> Goal of the exercise
Every line of the material is to be quoted verbatim, minus the pictures.

- Opening Delimiter -

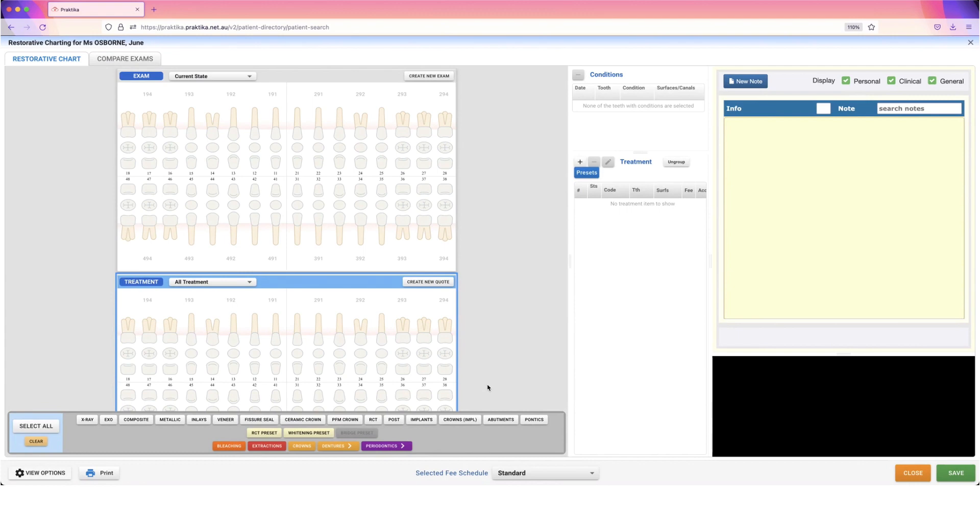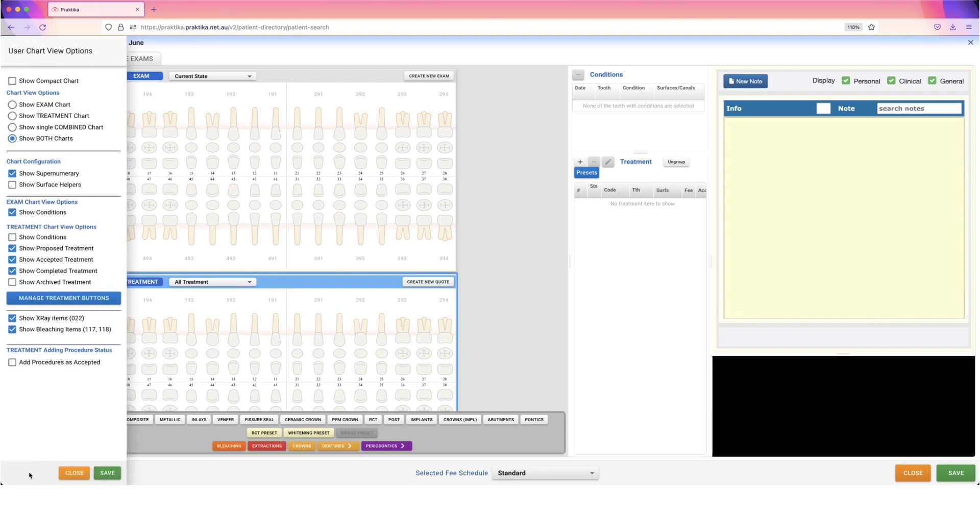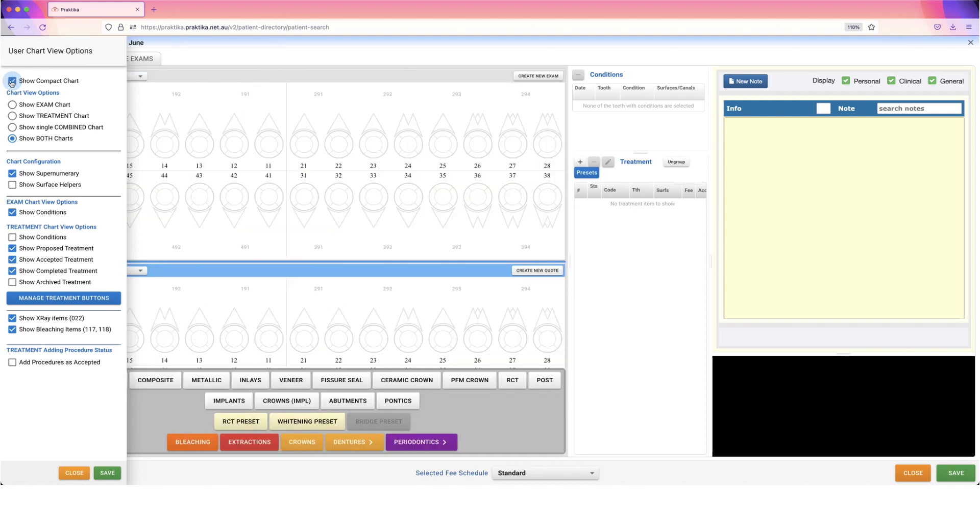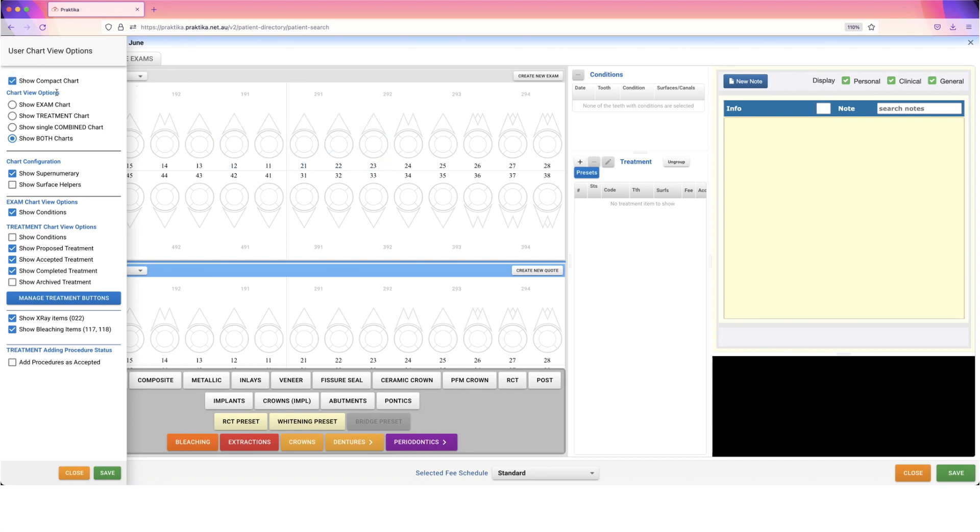There are also some other things you can change. Go to the left-hand side at the bottom and click on View Options. The first is Compact Chart, which changes what this actual charting looks like. Rather than more of a tooth shape, it's the generic round charting shape. Personal preference: I like this one because it gives me a larger surface area to select, but you can do whatever works best. There are quite a few other options.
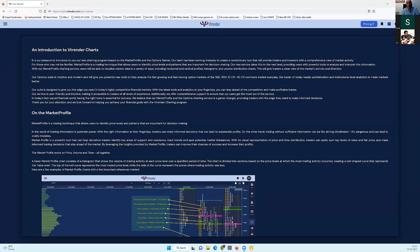Welcome to this orientation on WeTrenda Charts. Thank you for the love, the affection, and the encouragement you've been giving us as we've launched WeTrenda Charts.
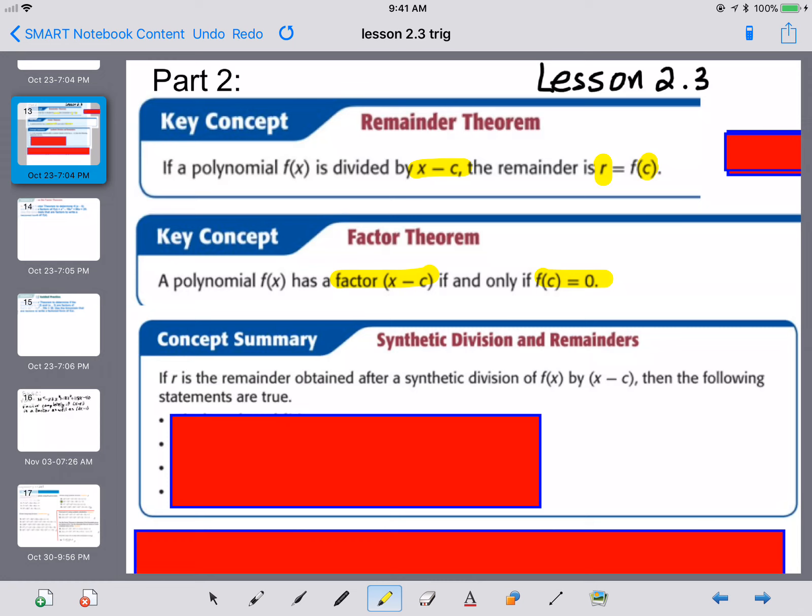So again, if you want to know what the remainder would be if you divided by X minus C, just plug in C. If you want to know if something is a factor, plug in C — if you get zero, it's a factor.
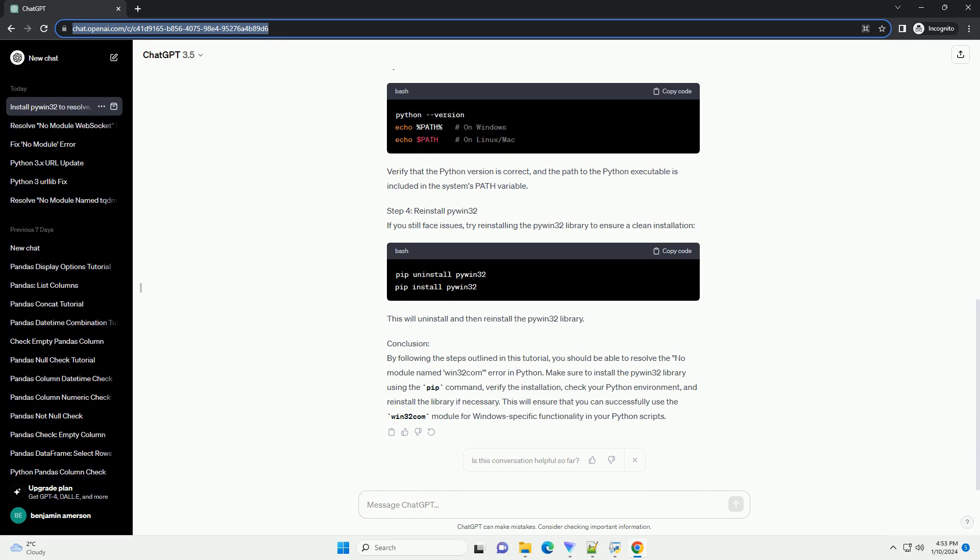However, if you still encounter the No Module Named Win32Com Error, make sure you are using the correct Python environment and that the library is installed in that environment.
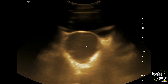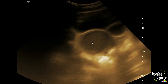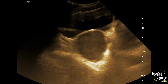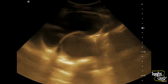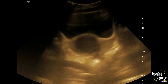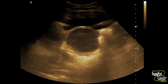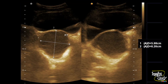You can also see some fine low-level internal echoes within this, so this is a case of endometrioma or chocolate cyst. Here you can see the endometrioma — the echogenicity is more than the adjacent urinary bladder lumen.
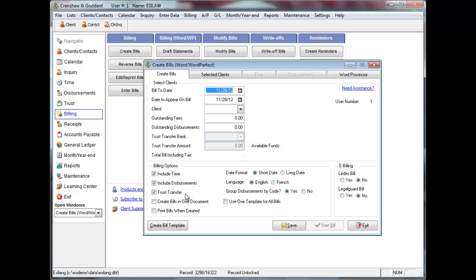Click Create Bills in one document if you wish to bill multiple clients and have them update to only one document in Word Processing rather than multiple documents. The client bills will display in the document in the order in which you selected them. This option is available in Microsoft Word only. Click Print Bills when created to immediately print your bills after they are created. I do not recommend that you select this option as it is better to review your bills in Word Processing before printing.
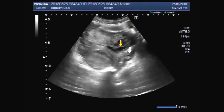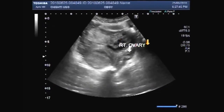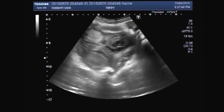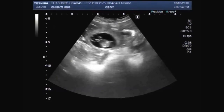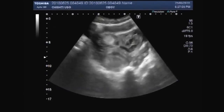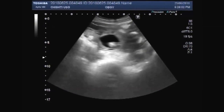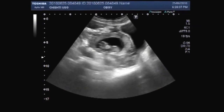This is the right ovary. You can see the left ovary having an active, alive fetus.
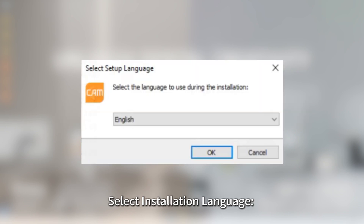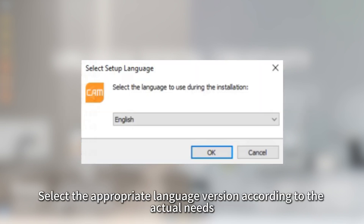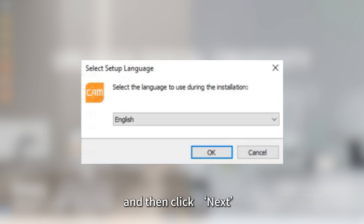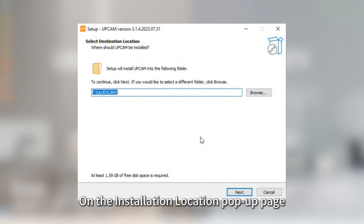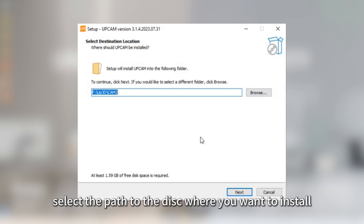Select Installation Language. Select the appropriate language version according to your actual needs and click Next. Select Installation Location. On the Installation Location pop-up page, select the path to the disk where you want to install.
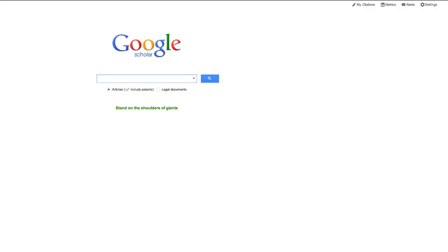Google Scholar is a great place to start your research. Before we get into some search tips, you'll need to change your settings.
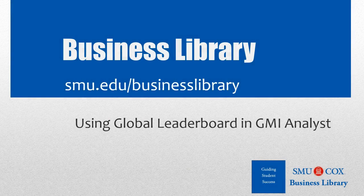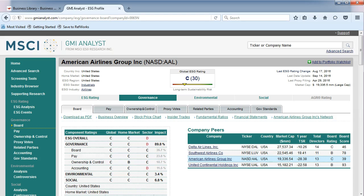Welcome to the Business Library. I'm Melissa Johnson, and this video will demonstrate how to use Global Leaderboard in GMI Analyst. In our last video, we saw ESG data for our company, American Airlines Group.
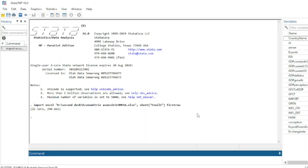In this video we will show you how to run Panel ARDL in Stata. Panel ARDL is a cross-sectional ARDL model in Stata, a methodology that has three main indicators to estimate: Pool Mean Group, Mean Group, and Dynamic Fixed Effects.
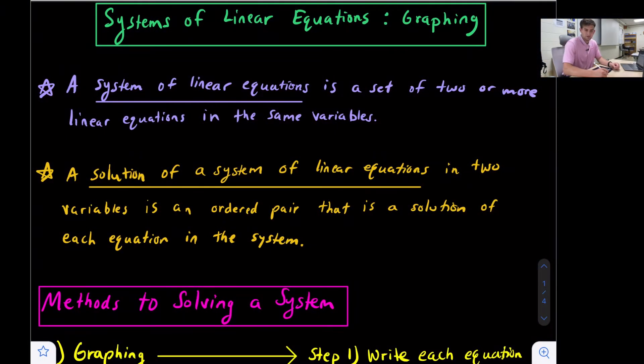Hello everyone, in this video we're going to talk about how to solve a system of linear equations using the method of graphing.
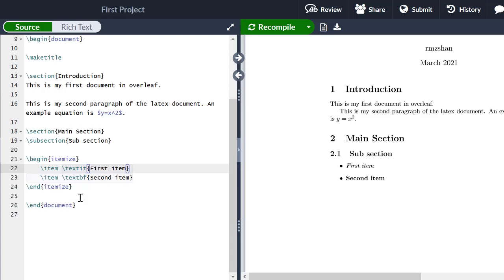This has been a very brief introduction on how to use Overleaf to write a basic LaTeX document. In the upcoming videos I will be showing you how to write mathematical equations and insert figures and tables in your LaTeX document using Overleaf. Thank you for watching this video — stay tuned to our channel Electrical Lectures.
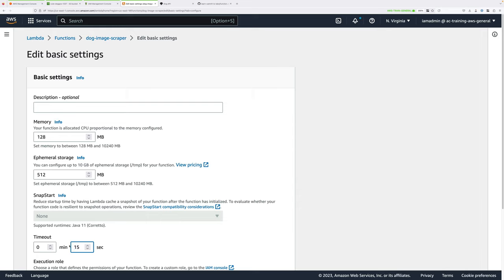We can't delete X-Ray data before 30 days, so we don't need to do anything in the X-Ray console. That's the end of this mini-project — you've cleared up the account and returned it to the same state as at the beginning. I hope this has been useful, and I look forward to you joining me in another exciting mini-project.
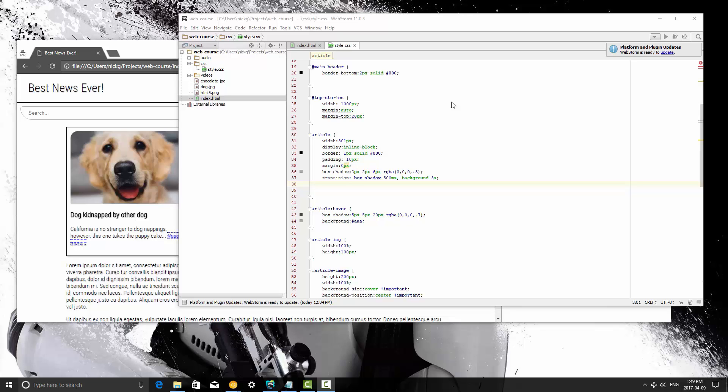All right, we are going to jump right into JavaScript at this point. So JavaScript is really fun because it is a scripting language, which is like a programming language.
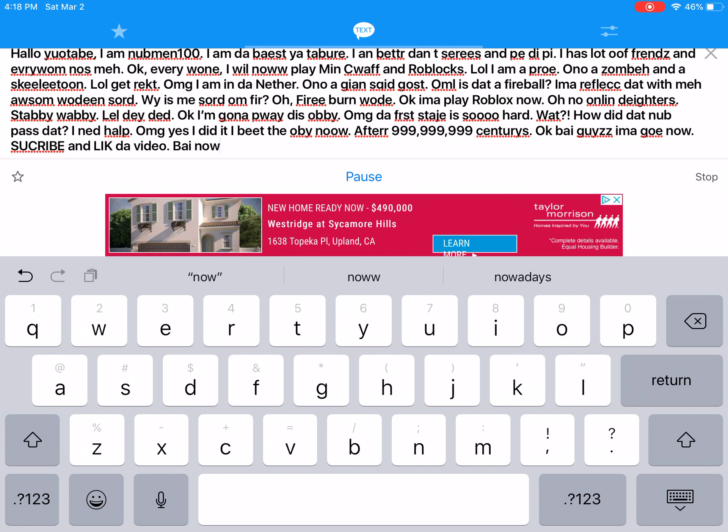Why is my sword on fire? Oh, fiery burn wood. Okay, I'm gonna play Roblox now. Oh no, online daters! Stabby wabby, lol they're dead.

- Closing Delimiter -

> Response below
There are also some other things you can change. Go to the left-hand side at the bottom and click on View Options. The first is Compact Chart, which changes what this actual charting looks like. Rather than more of a tooth shape, it's the generic round charting shape. Personal preference: I like this one because it gives me a larger surface area to select, but you can do whatever works best. There are quite a few other options.
Welcome to this orientation on WeTrenda Charts. Thank you for the love, the affection, and the encouragement you've been giving us as we've launched WeTrenda Charts.
So again, if you want to know what the remainder would be if you divided by X minus C, just plug in C. If you want to know if something is a factor, plug in C — if you get zero, it's a factor.
However, if you still encounter the No Module Named Win32Com Error, make sure you are using the correct Python environment and that the library is installed in that environment.
You can also see some fine low-level internal echoes within this, so this is a case of endometrioma or chocolate cyst. Here you can see the endometrioma — the echogenicity is more than the adjacent urinary bladder lumen.
Click Create Bills in one document if you wish to bill multiple clients and have them update to only one document in Word Processing rather than multiple documents. The client bills will display in the document in the order in which you selected them. This option is available in Microsoft Word only. Click Print Bills when created to immediately print your bills after they are created. I do not recommend that you select this option as it is better to review your bills in Word Processing before printing.
This is the right ovary. You can see the left ovary having an active, alive fetus.
Select Installation Language. Select the appropriate language version according to your actual needs and click Next. Select Installation Location. On the Installation Location pop-up page, select the path to the disk where you want to install.
Google Scholar is a great place to start your research. Before we get into some search tips, you'll need to change your settings.
Welcome to the Business Library. I'm Melissa Johnson, and this video will demonstrate how to use Global Leaderboard in GMI Analyst. In our last video, we saw ESG data for our company, American Airlines Group.
In this video we will show you how to run Panel ARDL in Stata. Panel ARDL is a cross-sectional ARDL model in Stata, a methodology that has three main indicators to estimate: Pool Mean Group, Mean Group, and Dynamic Fixed Effects.
Hello everyone, in this video we're going to talk about how to solve a system of linear equations using the method of graphing.
This has been a very brief introduction on how to use Overleaf to write a basic LaTeX document. In the upcoming videos I will be showing you how to write mathematical equations and insert figures and tables in your LaTeX document using Overleaf. Thank you for watching this video — stay tuned to our channel Electrical Lectures.
We can't delete X-Ray data before 30 days, so we don't need to do anything in the X-Ray console. That's the end of this mini-project — you've cleared up the account and returned it to the same state as at the beginning. I hope this has been useful, and I look forward to you joining me in another exciting mini-project.
All right, we are going to jump right into JavaScript at this point. So JavaScript is really fun because it is a scripting language, which is like a programming language.
Why is my sword on fire? Oh, fiery burn wood. Okay, I'm gonna play Roblox now. Oh no, online daters! Stabby wabby, lol they're dead.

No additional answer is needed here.